Relational databases and SQL

A \textbf{relation} (a.k.a. table) is a set (strictly a 'multiset' or 'bag') of tuples with elements drawn respectively from a list of specified sets. For example, if we have sets R, S, T, then any collection of tuples {(ri, si, ti)}, where each ri ∈ R, si ∈ S, and ti ∈ T, is a relation on those sets.

Concrete example: two sets

name = {'Adhish', 'Anna', 'Daniel', 'Edward', 'Maggie', 'Sakar' }

age = ℤ ≥ 0

Relation [('Adhish', 21), ('Anna', 20), ('Sakar',20), ('Maggie', 19)]

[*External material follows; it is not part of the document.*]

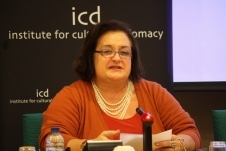 2011_12 Intl Conf. CD in the EU 067.jpg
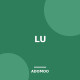 LU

It's convenient to display these in a table, and in fact in this context, a relation is often called a "table".

In [1]:
import pandas
df = pandas.DataFrame([('Adhish', 21), ('Anna', 20), ('Sakar',20), ('Maggie', 19)],columns=['name','age'])
df
Out[1]:
name age
0 Adhish 21
1 Anna 20
2 Sakar 20
3 Maggie 19

Relational DataBase Management Systems (RDBMSs)

SQL: a "backronym" for "Simple Query Language" or "Structured Query Language" (the latter being actually a whopping misrepresentation).

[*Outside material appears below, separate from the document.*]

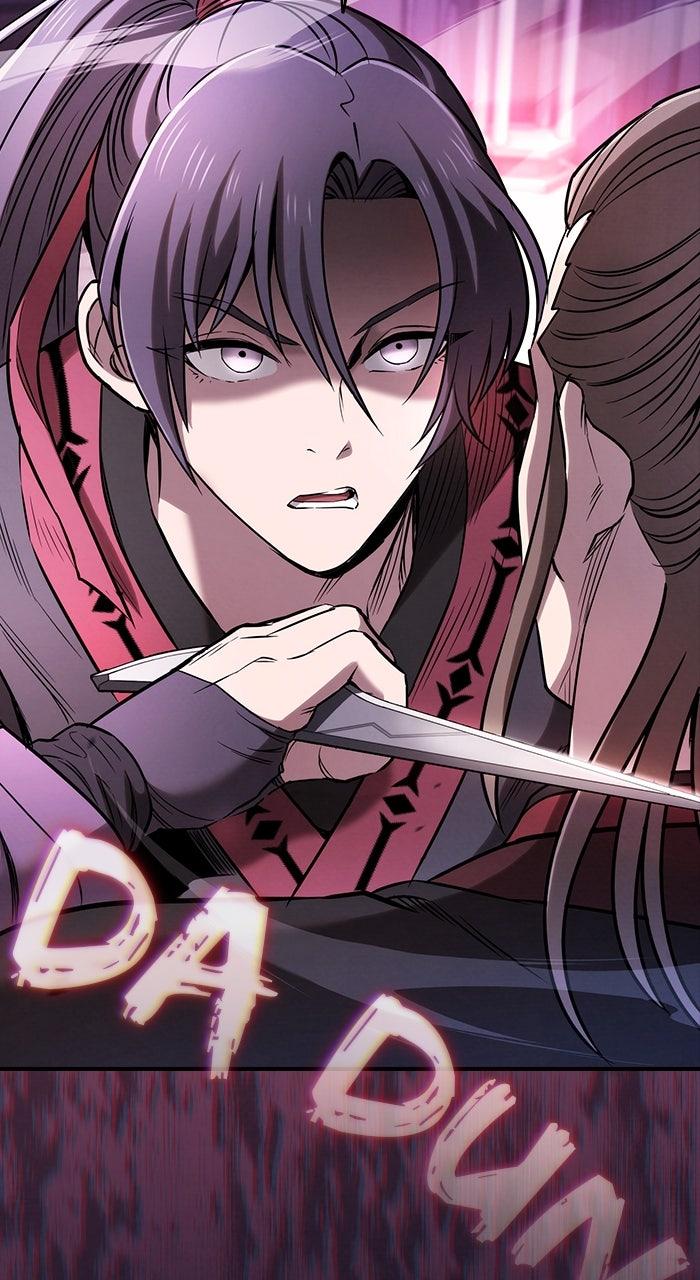 The Spy Life in the Demonic Sect Chap 13 - Next Chap 14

sqlite3 and some basic SQL commands

SQL commands end with a semicolon (;)

In [ ]:
sqlite> CREATE table ... ;
sqlite> INSERT into ... ;
sqlite> SELECT * FROM ... ;

sql commands ArE nOT cASe sEnsiTIVE.

sqlite3 metacommands are. They always start with a period.

In [ ]:
sqlite> .tables
sqlite> .mode column
sqlite> .headers on
sqlite> .read
sqlite> .import
sqlite> .mode csv
sqlite> .separator

Google the above commands to see what they do.

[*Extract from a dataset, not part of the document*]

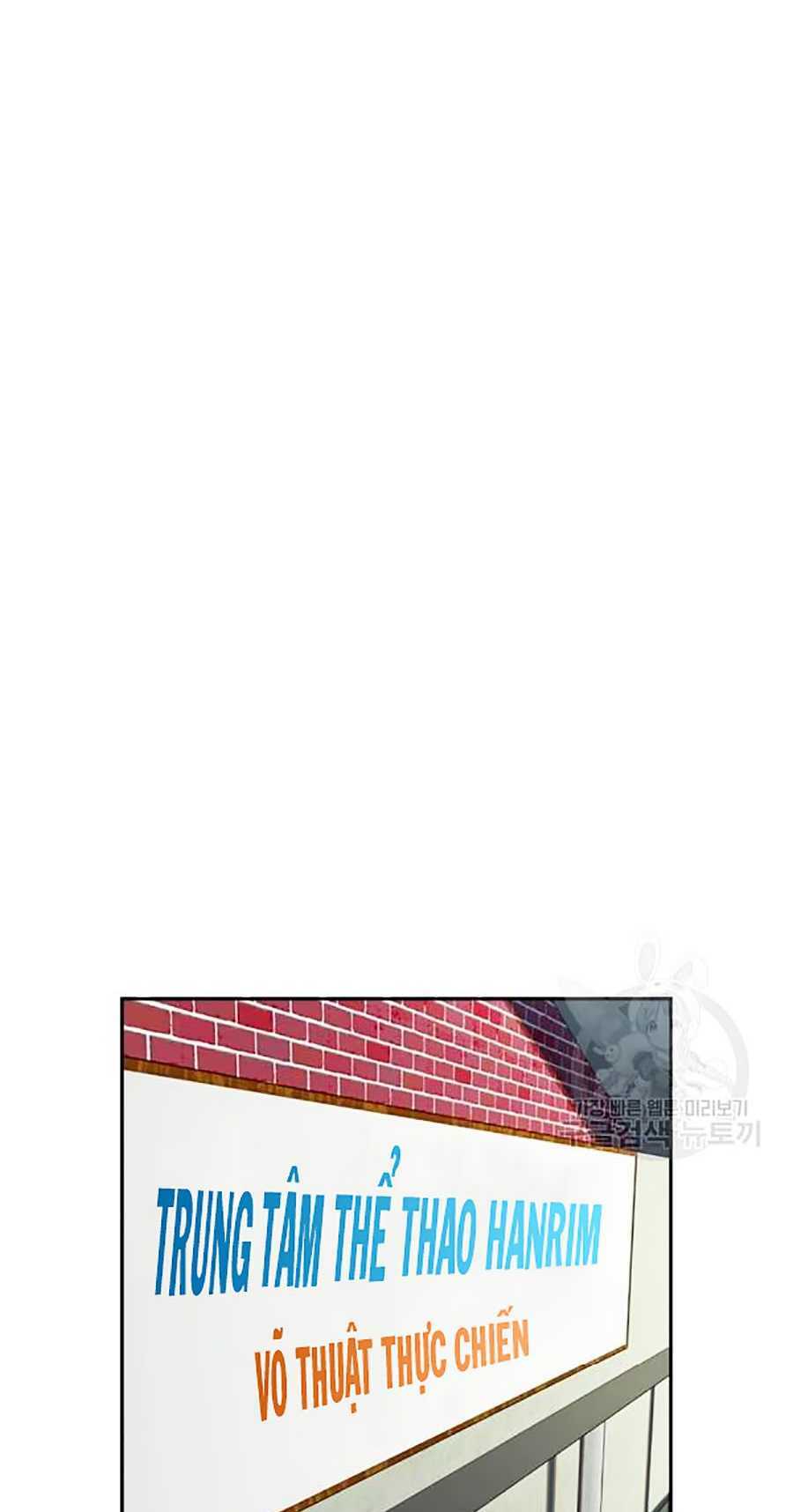 Chapter 19 trang 37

To quit/exit sqlite3, enter ctrl-d or .quit

Exercise 1a : Tiny Database

Click here to download a small database. Navigate to the folder containing the file and open it in a text editor. Familiarize yourself with the data structure. How many tables does it contain?

All sqlite3 commands will be entered into a bash terminal. The terminal is native to Linux and OSX. For windows, you have a few options.

Using sqlite3

Open a terminal and launch sqlite3 database:

In [ ]:
'sqlite3 tinydb.db'

You should see something like:

In [ ]:
SQLite version 3.8.11.1 2015-07-29 20:00:57
Enter ".help" for usage hints.
sqlite>

If not, then you may not have sqlite3 installed. In my case, sqlite3 installed automatically when I installed anaconda3. You may need to download/install sqlite3 for your operating system.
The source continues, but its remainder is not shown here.